On the Gaspé peninsula, Champlain encountered Algonquian-speaking
groups. The precise identity of any of these groups is still debated. On
29 July 1609, Champlain assisted his allies in defeating a Mohawk war
party by the shores of what is now called Lake Champlain, and again in
June 1610, Champlain fought against the Mohawks.
The Iroquois became well known in the southern colonies in the 17th century by this time. After the first English settlement in Jamestown, Virginia (1607), numerous 17th-century accounts describe a powerful people known to the Powhatan Confederacy as the Massawomeck, and to the French as the Antouhonoron.
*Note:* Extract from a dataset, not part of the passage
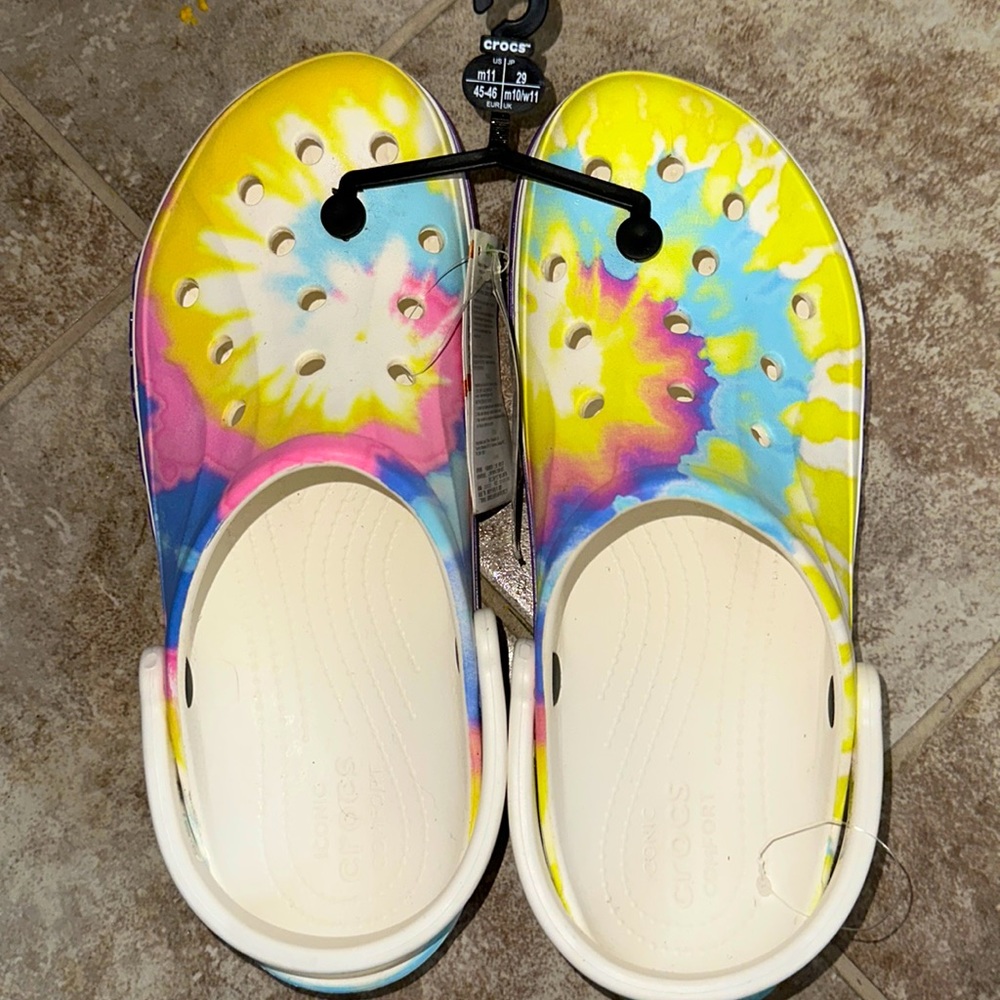 Crocs! NWT! Tie dye crocs! Size men’s 11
They were said to come from the north, beyond the Susquehannock territory. Historians have often identified the Massawomeck / Antouhonoron as the Haudenosaunee.
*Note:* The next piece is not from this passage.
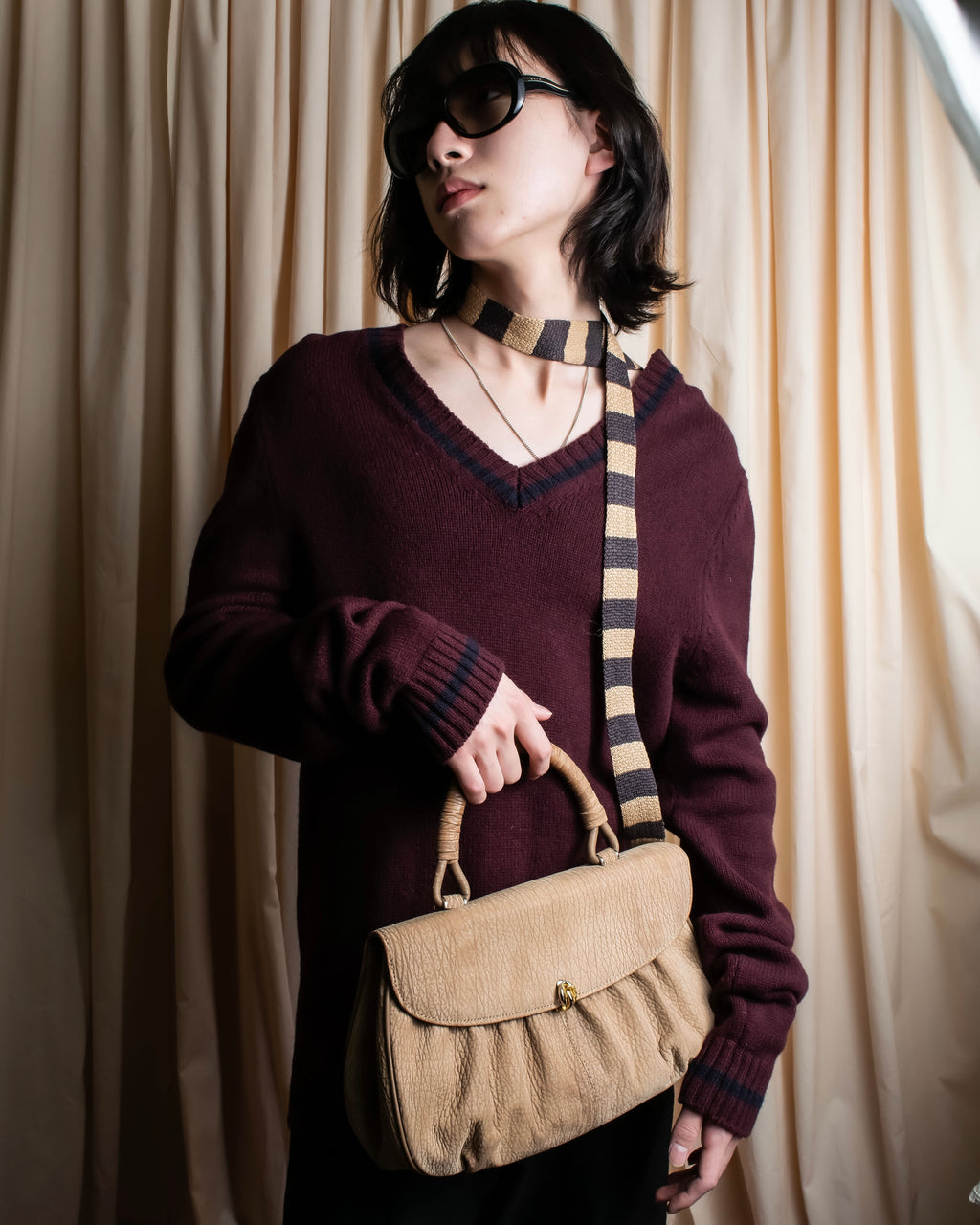 "COMME des GARCONS HOMME"
Regimental stripe square cut knit tie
In 1649, an Iroquois war party, consisting mostly of Senecas and Mohawks, destroyed the Huron village of Wendake.
In turn, this ultimately resulted in the breakup of the Huron nation.
With no northern enemy remaining, the Iroquois turned their forces on
the Neutral Nations
on the north shore of Lakes Erie and Ontario, the Susquehannocks, their
southern neighbor. Then they destroyed other Iroquoian-language tribes,
including the Erie, to the west, in 1654, over competition for the fur trade.[56][page needed] Then they destroyed the Mohicans.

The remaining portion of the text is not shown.